Visual sensing and processing have experienced a significant growth in the past several decades. Complementing the technology R&D dealing with visible signals and patterns are those exploiting a variety of nearly invisible “micro-signals,” which are typically an order of magnitude lower in strength or scale than the dominant ones. These micro-signals are ubiquitous but traditionally removed or ignored as nuances. Increasingly, it has been found that many of these micro-signals help us connect the physical world with the digital and cyber space, and harnessing them may bring about beneficial information that would otherwise harder to obtain. This talk will provide an overview on visualizing and analyzing several representative types of micro-signals, discussing the recent research advances and novel applications ranging from security to digital humanity to fitness and health.
Min Wu is a Professor of Electrical and Computer Engineering and a Distinguished Scholar-Teacher at the University of Maryland, College Park. She received her Ph.D. degree in electrical engineering from Princeton University in 2001. At UMD, she leads the Media and Security Team (MAST), with main research interests on information security and forensics and multimedia signal processing. Her research and education have been recognized by a U.S. NSF CAREER award, a TR100 Young Innovator Award from the MIT Technology Review, an U.S. ONR Young Investigator Award, a Computer World "40 Under 40" IT Innovator Award, University of Maryland Invention of the Year Awards, IEEE Distinguished Lecturer recognition, and several paper awards from IEEE SPS, ACM, and EURASIP. She was elected IEEE Fellow and AAAS Fellow for contributions to multimedia security and forensics.
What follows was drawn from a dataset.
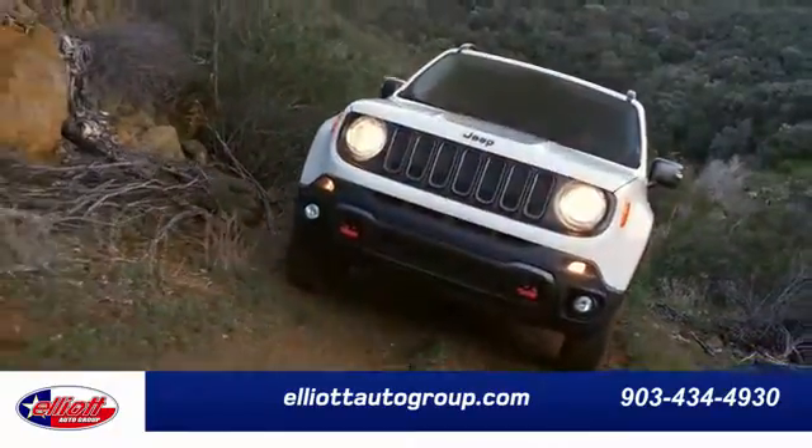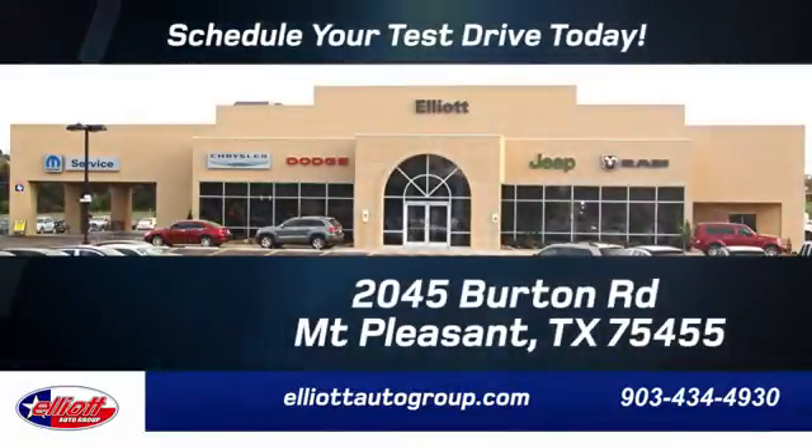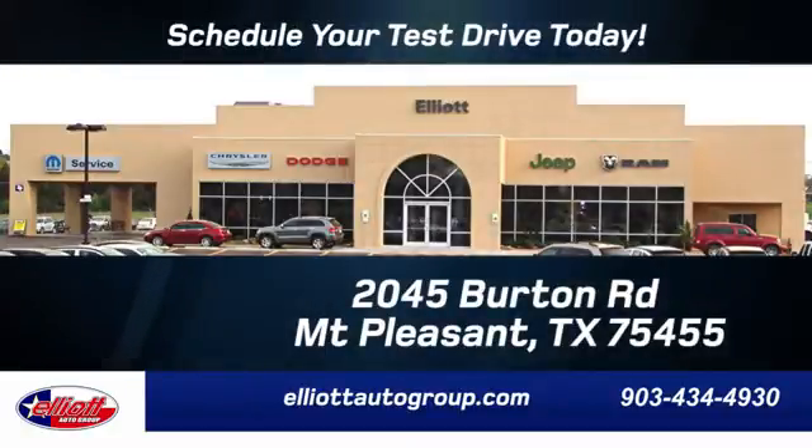Elliott Auto Group. We don't do things the old way — we do them the right way. Schedule your test drive today. We are located just off I-30 on Burton Road in Mount Pleasant.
Dr. Wu chaired the IEEE Technical Committee on Information Forensics and Security (2012-2013), and has served as Vice President - Finance of the IEEE Signal Processing Society (2010-2012), Founding Chief Editor of the IEEE SigPort initiative (2013-2014), and Editor-in-Chief of the IEEE Signal Processing Magazine (2015-2017).
The superior performance of Convolutional Neural Networks (CNNs) has been demonstrated in many applications such as image classification, detection and processing. Yet, CNN’s working principle remains a mystery. In this talk, I will first explain the operations of a computational neuron in detail using a signal processing approach. To go further, I will present new CNN-inspired signal transforms whose kernels (i.e., filter weights in the convolutional layers of CNNs) are derived from the second-order statistics of input image pixels in a one-pass feedforward manner. Neither data labels nor backpropagation computations are needed. Finally, the CNN and the CNN-inspired transform methodologies will be compared using common image processing examples.
Dr. C.-C. Jay Kuo received his Ph.D. degree from the Massachusetts Institute of Technology in 1987. He is now with the University of Southern California (USC) as Director of the Media Communications Laboratory and Dean’s Professor in Electrical Engineering-Systems. His research interests are in the areas of media processing, compression and understanding. Dr. Kuo was the Editor-in-Chief for the IEEE Trans. on Information Forensics and Security in 2012-2014. He was the Editor-in-Chief for the Journal of Visual Communication and Image Representation in 1997-2011, and served as Editor for 10 other international journals. Dr. Kuo received the 1992 National Science Foundation Young Investigator (NYI) Award, the 1993 National Science Foundation Presidential Faculty Fellow (PFF) Award, the 2010 Electronic Imaging Scientist of the Year Award, the 2010-11 Fulbright-Nokia Distinguished Chair in Information and Communications Technologies, the 2011 Pan Wen-Yuan Outstanding Research Award, the 2014 USC Northrop Grumman Excellence in Teaching Award, the 2016 USC Associates Award for Excellence in Teaching, the 2016 IEEE Computer Society Taylor L. Booth Education Award, the 2016 IEEE Circuits and Systems Society John Choma Education Award, the 2016 IS&T Raymond C. Bowman Award, and the 2017 IEEE Leon K. Kirchmayer Graduate Teaching Award. Dr. Kuo is a Fellow of AAAS, IEEE and SPIE. He has guided 140 students to their Ph.D. degrees and supervised 27 postdoctoral research fellows. Dr. Kuo is a co-author of 260 journal papers, 900 conference papers and 14 books.